Monster Hunter director Paul W.S. Anderson and his stars Milla Jovovich and Jin Au-Yeung (a.k.a. MC Jin) issued apologies this week regarding a controversy over the film that broke out in China.

Theaters in the country pulled the release after it premiered Dec. 4 in light of one particular line of dialogue. Au-Yeung's character riffs to a fellow soldier in the film, "Look at my knees. What kind of knees are these? Chi-nese." This was linked to a racist rhyme used to mock children of Asian descent during World War II. Anderson said the line is being removed from the movie, though it's unclear if Monster Hunter will return to theaters in China, which is an even more important territory for movie releases at the moment given the state of theaters in America.

"I am absolutely devastated that a line from our movie, Monster Hunter, has offended some audience members in China," Anderson said in a statement to Deadline. "I apologize for any anxiety or upset that this line and its interpretation caused. Monster Hunter was made as fun entertainment and I am mortified that anything within it has caused unintentional offense. We have respectfully removed the line from the movie. It was never our intention to send a message of discrimination or disrespect to anyone. To the contrary — at its heart our movie is about unity."

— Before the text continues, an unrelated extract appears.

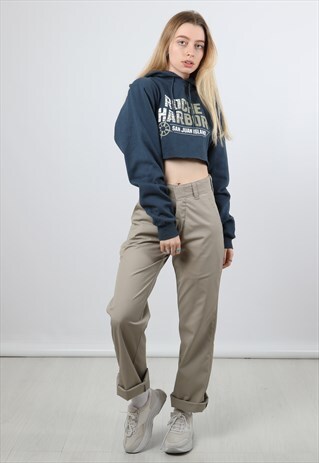 VINTAGE CHAMPION XS TEAL PRINT CROPPED HOODIE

Au-Yeung also spoke up about the situation in a video shared on Instagram. "It's unfortunate that it has escalated to this level, especially since the line was intended to be uplifting," he wrote in the description. "I felt a need to address this situation because what is at stake is not my career but something even more dear to my heart - my roots. I've spent the last 20 years using my platform to embrace and be a positive voice for my community. I am and will always be proud of my heritage."

Jovovich, who stars in the video game adaptation as the leader of a military operation who finds herself in a different dimension dominated by gargantuan monsters, responded to her costar's remarks.

"I'm so sad that you feel the need to apologize. You are amazing and have always been so outspoken about your pride in your Chinese heritage," she wrote in the comments section of his Instagram post. "The line you improvised in the film was done to remind people of that pride, not to insult people. We should have researched the historical origin of it and that's 100% on us, but you didn't do ANYTHING wrong. None of us had ever heard the 'dirty knees' reference. You included. It was an unfortunate mistake and the Chinese translation didn't help. We adore you Jin and are so proud to have worked with you on this fun and exciting project and I hope you don't let this get you down man. It was our fault for not doing our due diligence and finding the WW2 era rhyme that's caused this uproar. We love you Jin!"

Monster Hunter also features Tony Jaa, Ron Perlman, Meagan Good, T.I., and Diego Boneta. The film was set to release in U.S. theaters on Dec. 25, but Sony has since moved the date up to Dec. 18.